Dalam laporan yang dikutip "Vatican News", dalam misa ibadah khusus di Basilika Santo Petrus, Vatikan, Jumat (27/3), ia menyatakan: "Merangkul Tuhan untuk merangkul harapan: itulah kekuatan iman, yang membebaskan kita dari rasa takut dan memberi kita pengharapan,".

Sri Paus juga mengajak melakukan meditasi tentang krisis yang dihadapi dunia saat ini, yaitu pandemi global COVID-19 dengan refleksi yang diambil dari Injil Markus.

Sementara itu, berdasarkan laman https://katoliknews.com, Paus Fransiskus memohon pertolongan kepada Bunda Maria atas penderitaan dan kesedihan jutaan orang yang terkena dampak pandemi COVID-19 saat ini.

Paus, melalui pesan video yang disiarkan pada 11 Maret 2020 berdoa di depan lukisan Maria Bunda Kasih Ilahi, memohon padanya untuk "Tidak mengabaikan permohonan kami yang sedang di dalam pencobaan" tetapi "menjauhkan kami dari setiap mara bahaya".
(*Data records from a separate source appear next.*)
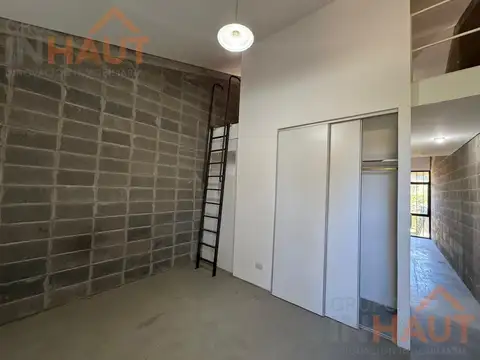 Depto Tipo Casa en Venta al Sur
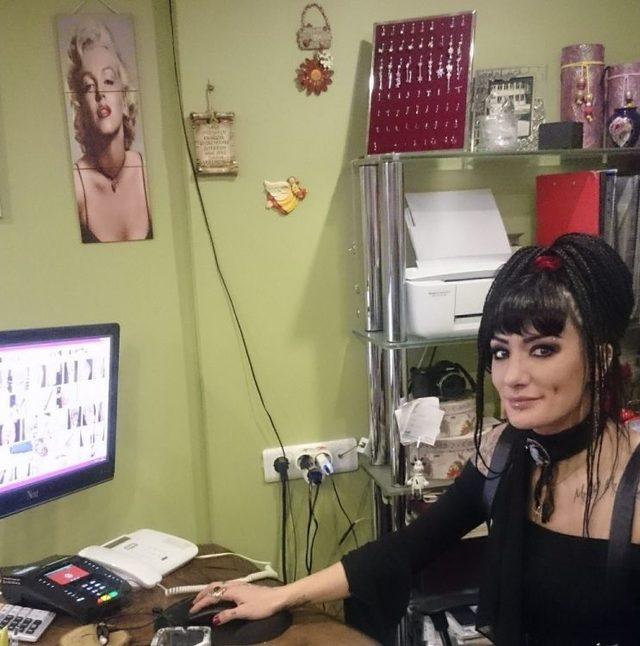 Kadıköy’de İntihar... 40 Yaşındaki Kadın İş Yerinde İntihar Etti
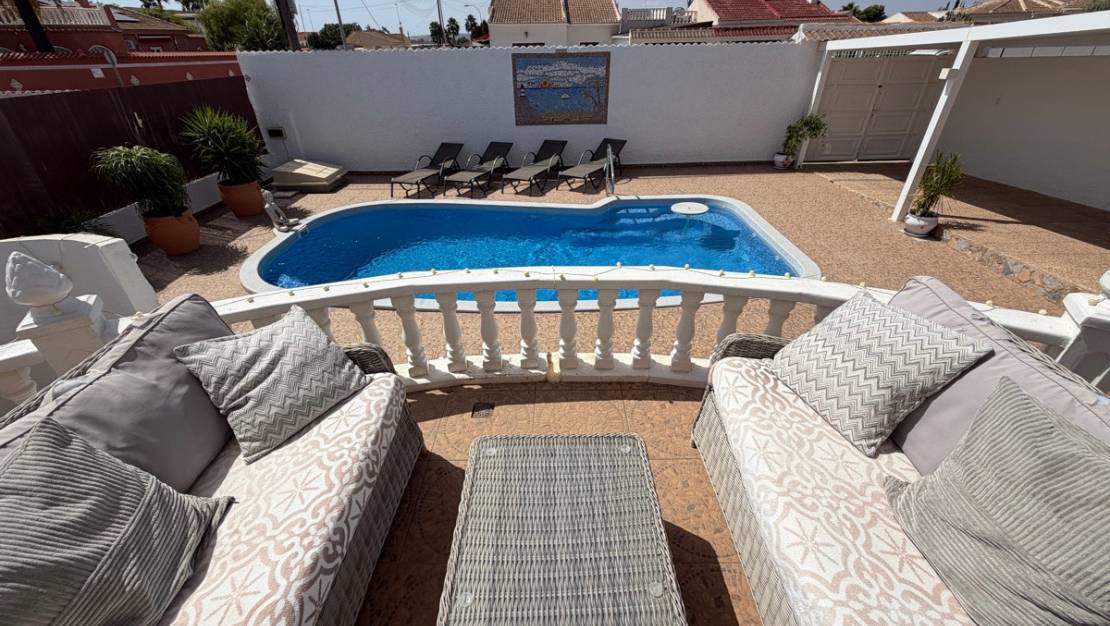 Sale - Villa - Torrevieja - San Luis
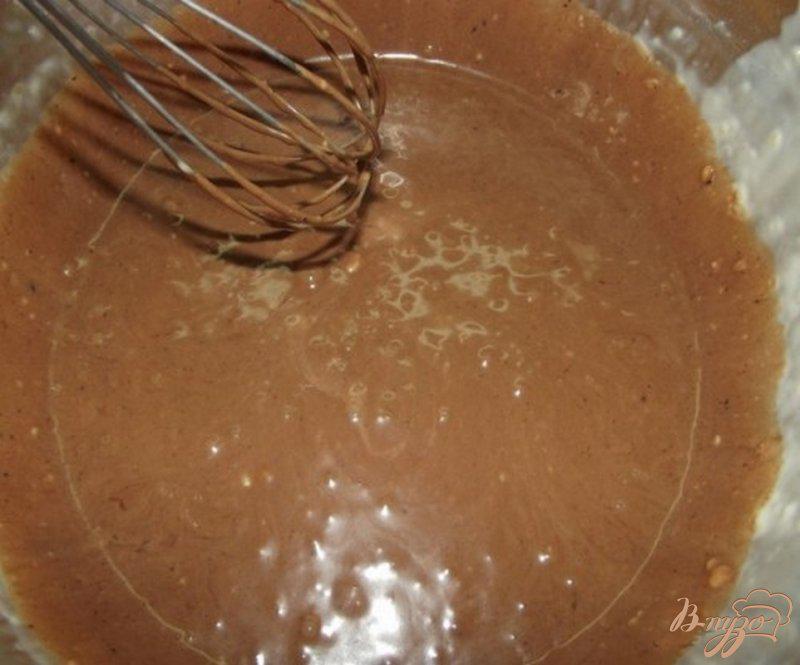 Фото приготовление рецепта: Шоколадный пирог с вишней и шоколадом шаг №1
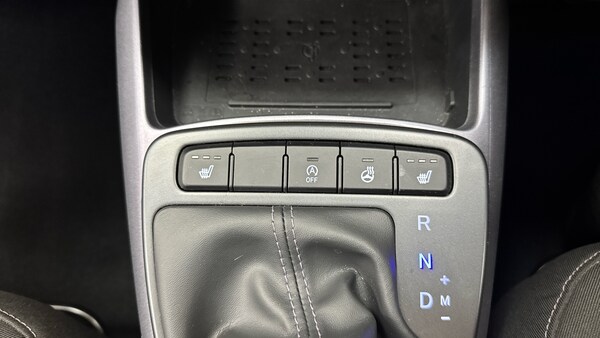 Used Hyundai i10 2024 for sale - 76146556: Photo 25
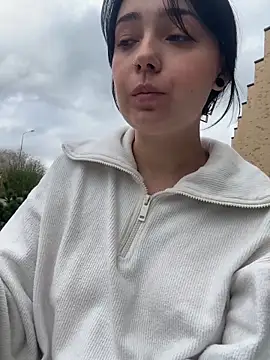 Snapshot of hanahaki chatting on 09-19-25, 10:30 hanahaki online show from 09-19-25, 10:30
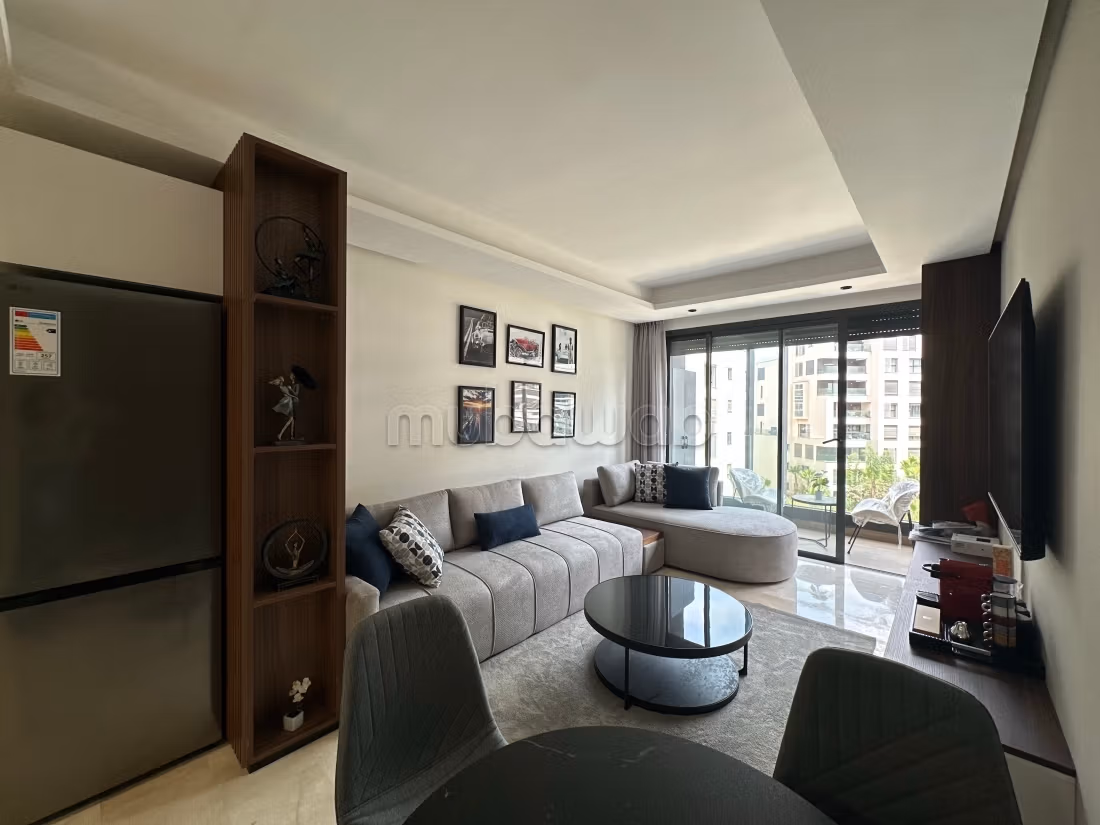 Rent this apartment in Casablanca Finance City. 1 Room. Storage unit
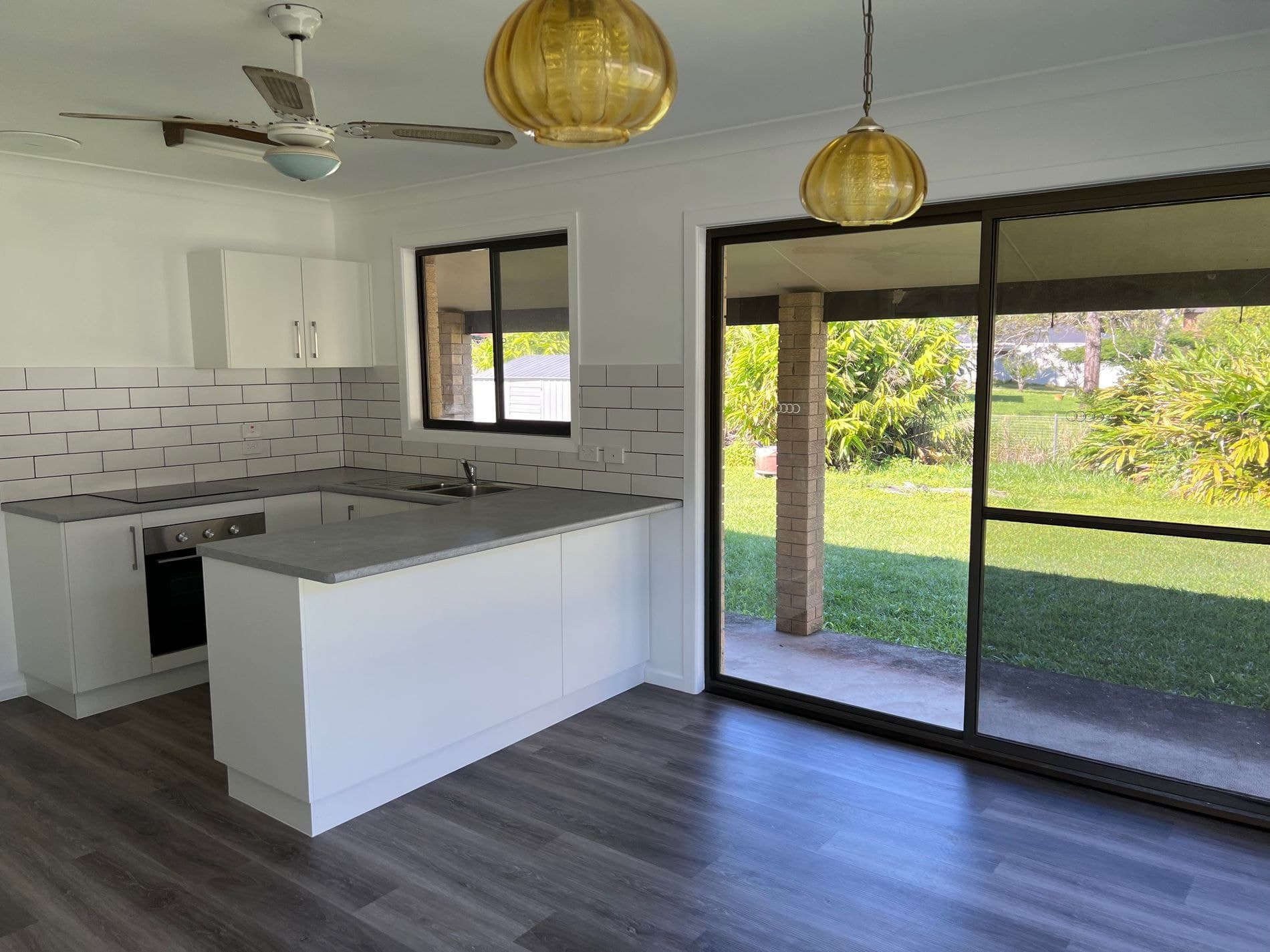 66 Orana Road, 66 Orana Road - Thumbnail 3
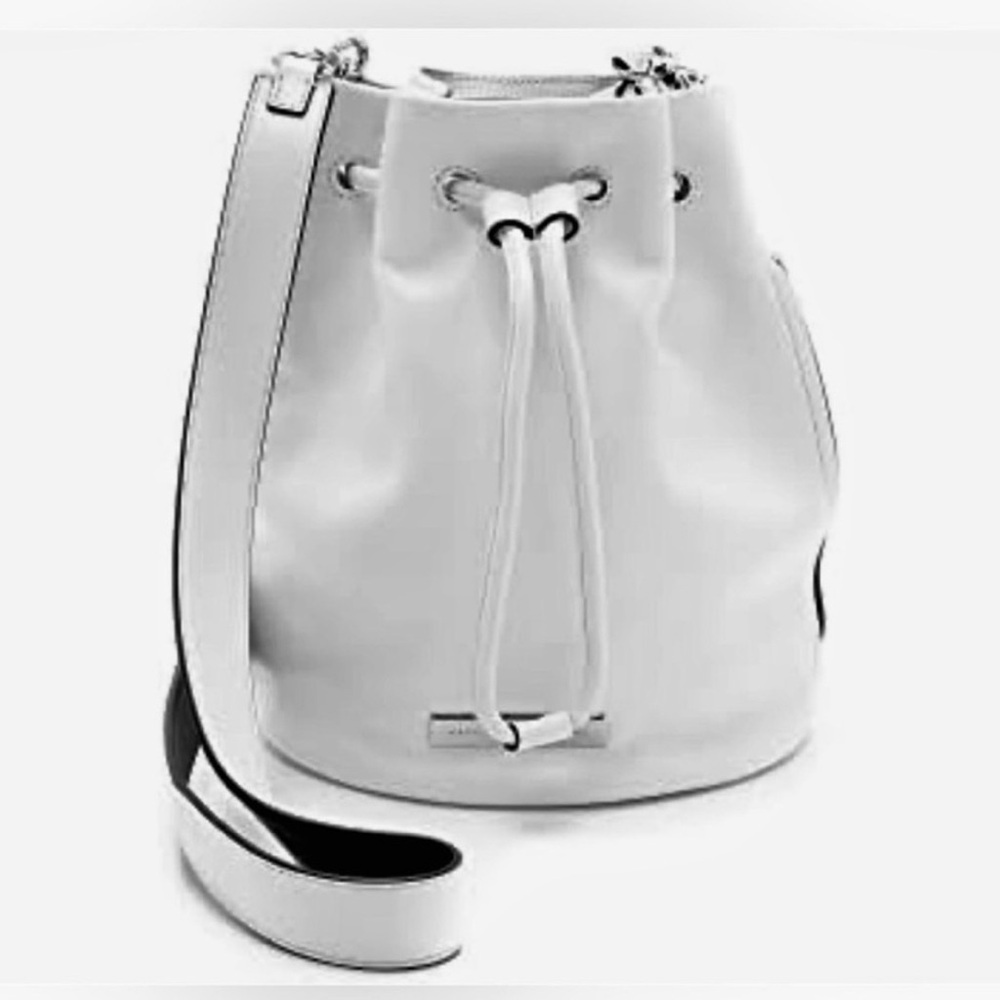 Marc by Marc Jacobs White Leather Drawstring Crossbody Bucket Bag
"Kami mempercayakan diri kami kepadamu, kesehatan orang-orang sakit. Di bawah kayu Salib engkau ikut serta dalam penderitaan Yesus, dengan iman yang teguh," kata Paus dalam doanya.

Baca juga: Wapres Ma'ruf sebut iman, imun, aman, amin untuk tangkal COVID-19

Baca juga: Kardinal Suharyo pimpin doa untuk masyarakat terdampak COVID-19



Implementasi

Sandaran pada kekuatan ilahiyah itu, diimplementasikan dalam wujud yang beragam.

Contoh-contoh yang terekam, di antaranya seperti peristiwa langka di Benua Eropa, seperti diperbolehkannya mengumandangkan suara adzan melalui pengeras suara pada ratusan masjid di Jerman, Belanda, dan Belgia.

Sebelum wabah corona, kondisi seperti itu sangat jarang terjadi, kecuali pada apa yang dilaporkan Kantor Berita Turki Anadolu sebagai "terkecuali pada acara-acara khusus".

Hal ini karena sebelumnya pengadilan Jerman pada Februari 2018 berdasarkan laporan DW.com, pernah meminta sebuah masjid untuk berhenti menyiarkan azan dengan alat pengeras suara setelah keluhan datang dari sepasang warga Kristen yang tinggal sekitar satu kilometer dari masjid.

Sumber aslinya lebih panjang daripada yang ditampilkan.